▶ **About this task**:
If pictures appear in the lines below, skip them and copy exactly the lines from the one containing "Baskets en daim" through the one containing "Used 2017 Chevrolet", and nothing else.

(Records for the exercise)

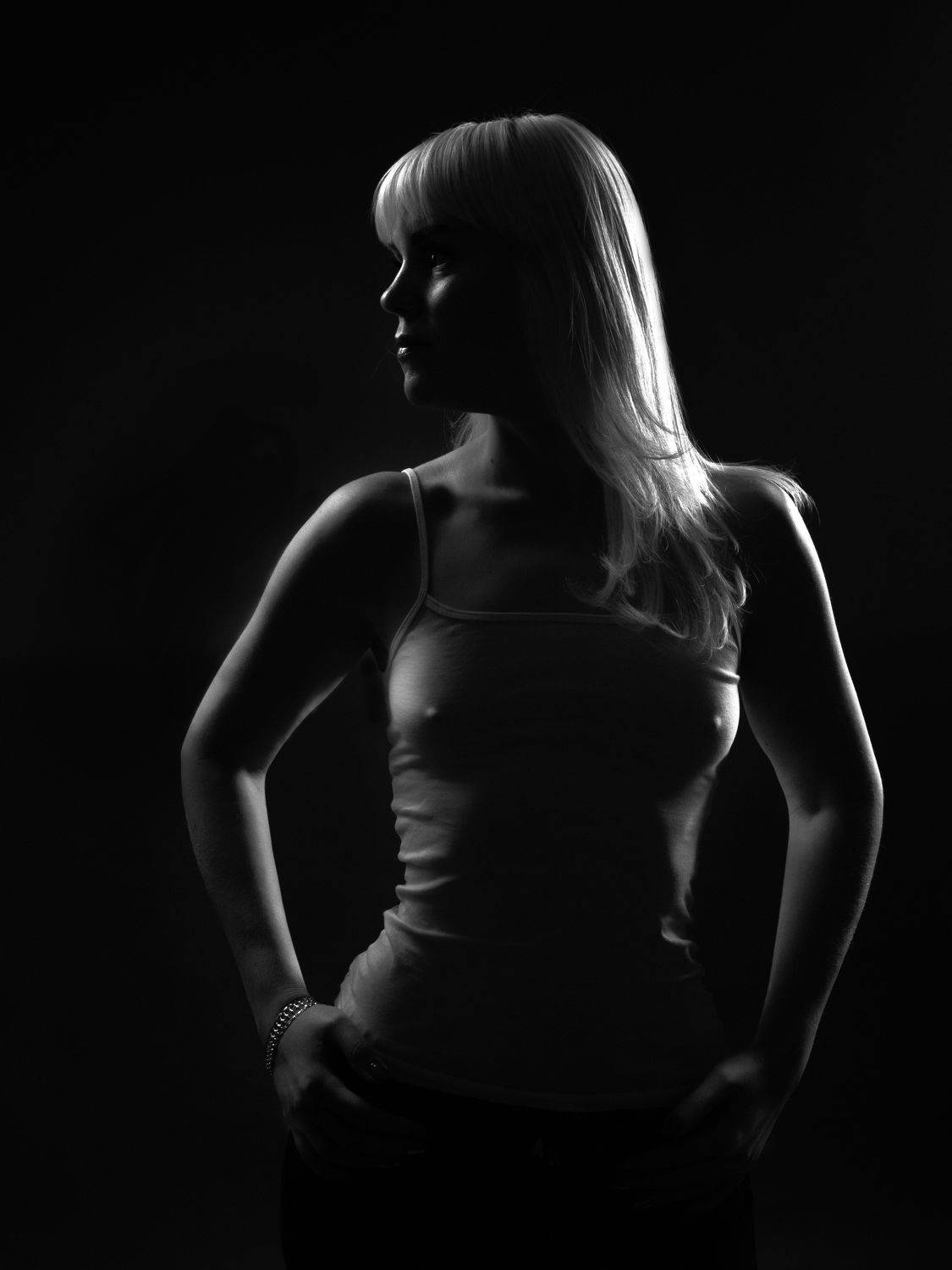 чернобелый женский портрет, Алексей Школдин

(End Records for the exercise)
(Records for the exercise)

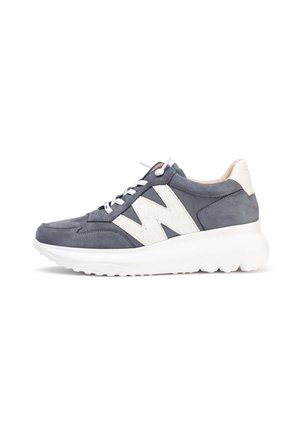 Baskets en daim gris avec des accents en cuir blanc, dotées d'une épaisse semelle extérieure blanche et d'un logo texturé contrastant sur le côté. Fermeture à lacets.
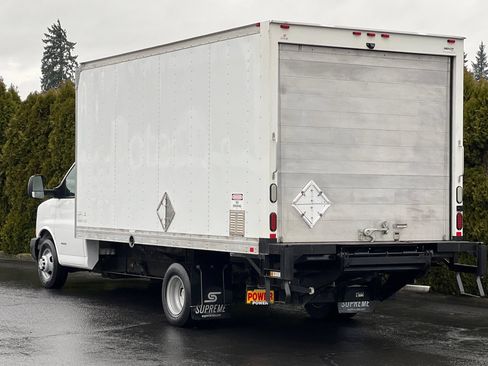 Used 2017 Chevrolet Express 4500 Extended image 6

(End Records for the exercise)

▶ **Completed task**:
 Baskets en daim gris avec des accents en cuir blanc, dotées d'une épaisse semelle extérieure blanche et d'un logo texturé contrastant sur le côté. Fermeture à lacets.
 Used 2017 Chevrolet Express 4500 Extended image 6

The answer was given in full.